L’honneur, l’innocence, cherchent à survivre dans ce western nihiliste, christique, portant l’ombre de la tragédie antique, que rien ne rachète. Le puma n’est que le miroir de la cruauté des humains qui se dévoile au fur et à mesure. La folie prend bien des aspects, l’honneur de Don Armando, sublimé, sacrifiant tout sur son autel. Il est la justice, la loi aveugle, condamnant avant de juger, même un fils. Don Diego est accusé du pire crime, le viol de la jeune vierge Joselita. Il est condamné aux sables du désert, sans espoir de survie. Le diable s’en mêle et révèle la face sombre des hommes qu’il attend dans son royaume. Il ne faudra plus se fier aux apparences mensongères. Doña Maria choisit de le suivre, figure de la madone se sacrifiant pour son fils, porté déjà sur la croix. Pour Philippe Thirault, l’histoire n’est pas suffisamment sombre. Rien ne semble racheter les hommes de ce récit d’enfer. Il plonge sa plume dans les ténèbres les plus profondes, fait tomber les masques, dévoile des visages angéliques aux couleurs de démon. L’animal, la bête, la nature sauvage, impardonnable, apparaissent bien plus comme un paradis face aux hommes qui violent la terre et ses filles. Les sauvages, rudes comme le désert, sont bien plus humains que ces fils de Dieu réclamant le pardon sur sa croix.

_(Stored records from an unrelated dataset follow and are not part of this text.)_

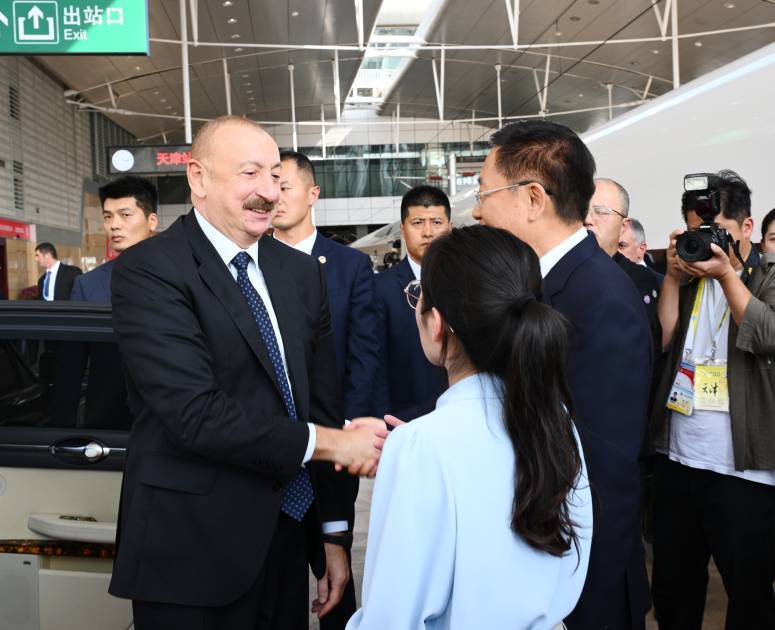 İlham Əliyev və xanımı Pekinə getdilər 3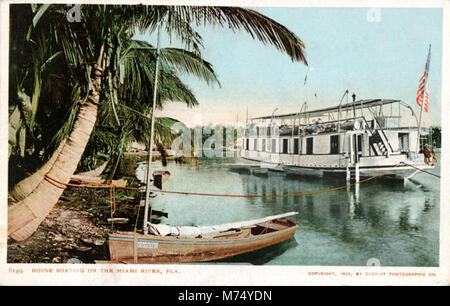 Dieses Bild zeigt Hausbootfahrten auf dem Miami River in Florida und zeigt die Beliebtheit von Bootstouren als Freizeitaktivität. Die Szene zeigt die Schiffe, die zum Wohnen und zur Freizeit entlang der Wasserstraße genutzt werden. Stockfoto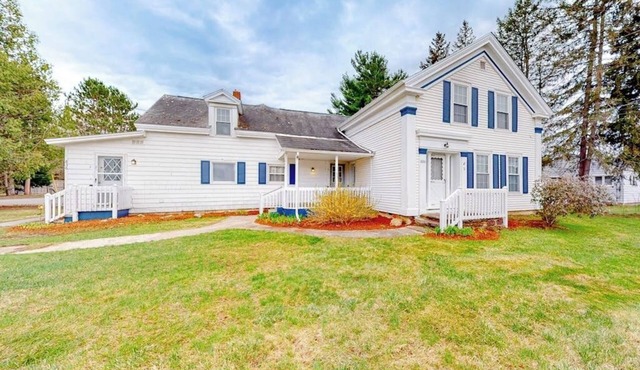 Warm & inviting retreat with a full kitchen, gas fireplace, & furnished patio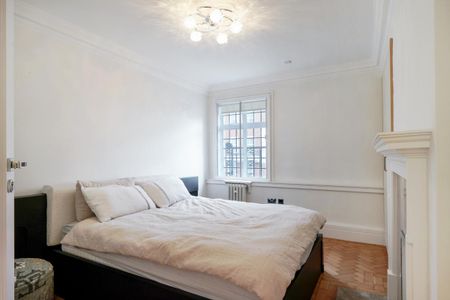 4 bedroom flat in Baker Street - Photo 4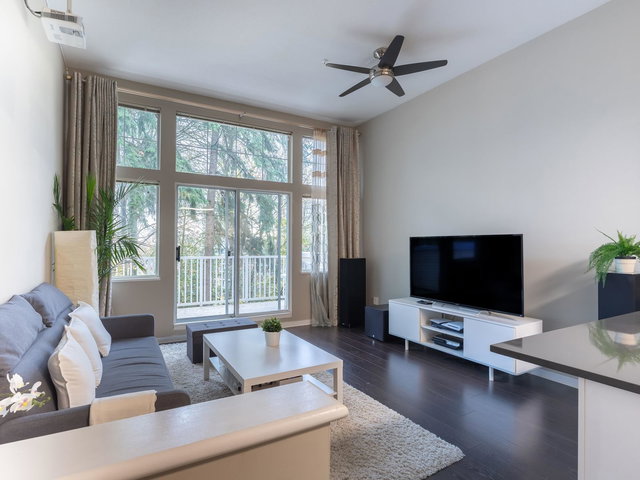 1 - 3586 Rainier Place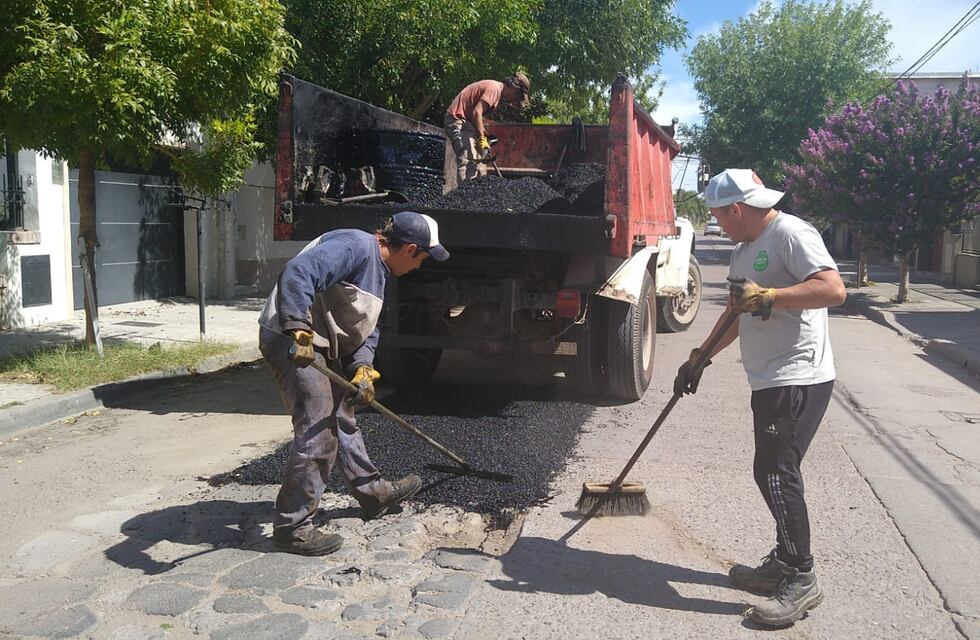 Desde el Municipio informaron que sigue el bacheo en diferentes lugares de la ciudad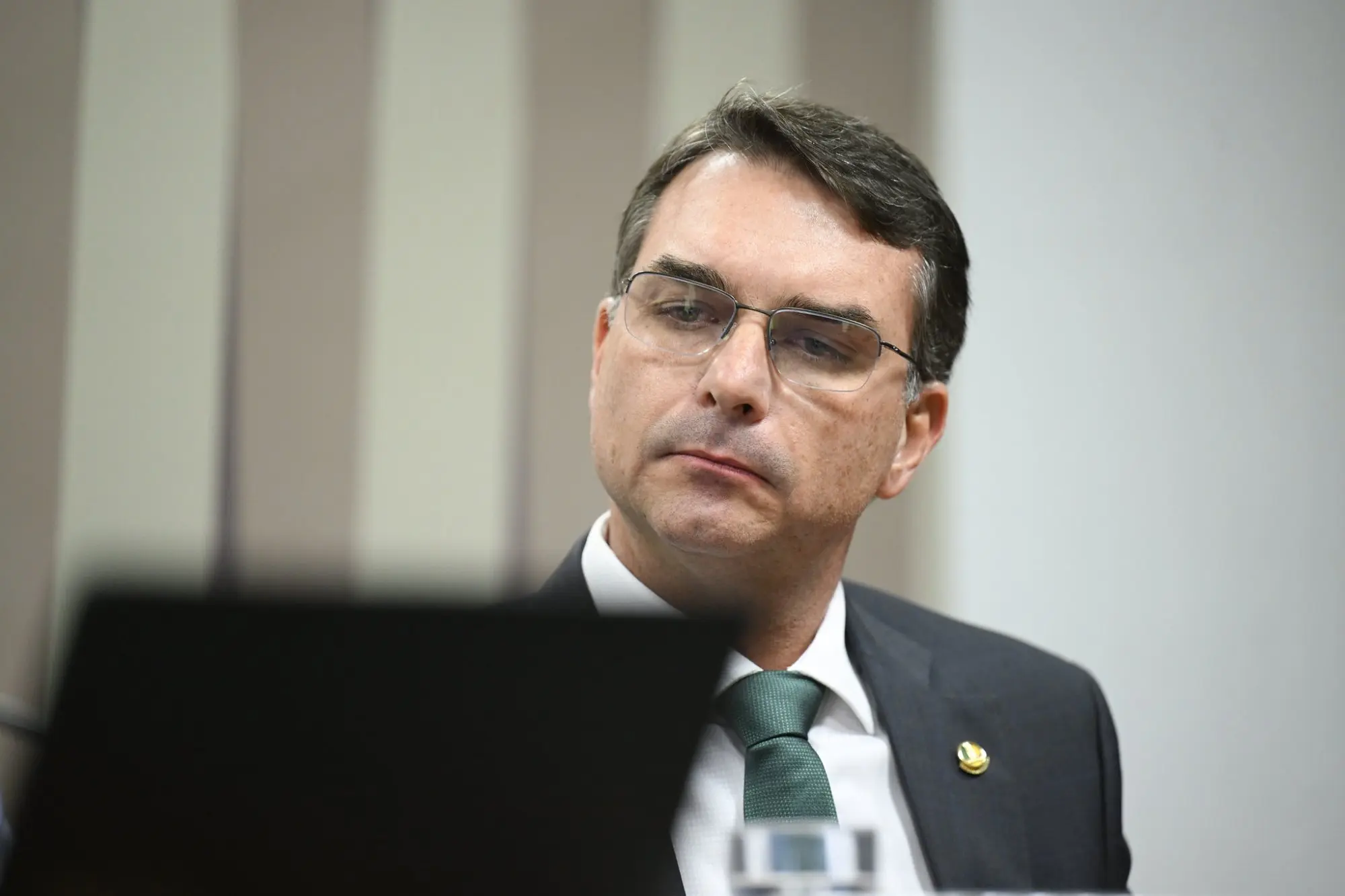Pesquisa mostra evolução de intenção de voto em Flávio Bolsonaro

Aucun n’est rachetable aux yeux de l’ange et la madone ne pourra fermer les yeux continuellement. Les brasiers s’allument, l’incendie fait rage et balaye l’horizon jusqu’au cœur de la ville. Les femmes n’auront de rédemption que l’oubli et la mort car ce monde porte déjà l’empreinte de l’enfer. Le dessin de Gilles Mezzomo, mélange d’Antonio Hernández Palacios et de Giraud, porte les traits vifs de la violence jusque dans les visages des hommes. Seules les femmes offrent un contraste de lune à cet horizon de nuit. Le puma rôde bien plus que dans la montagne en harmonie avec le paysage. Il n’est pas la bête immonde nichée dans le cœur des protagonistes de cette histoire que rien ne sauve du néant et du chaos. Ce dernier, sous la plume du dessinateur, nous offre l’ocre et le sang de la vie dans cette terre aride. Les Apaches sont à l’image du puma, défendant leur terre pour une vie bien meilleure que celle des Blancs. On comprendra à la dernière image que ces cœurs souillés se nichent dans l’ombre, portant dans de vieilles couvertures, à la nature et ses habitants Apaches, la marque du diable. On pense au Méridien de sang de Cormac McCarthy, et plus récemment Loin en amont du ciel de Pierre Pelot, portant les mêmes blessures. C’est bien plus que brillant.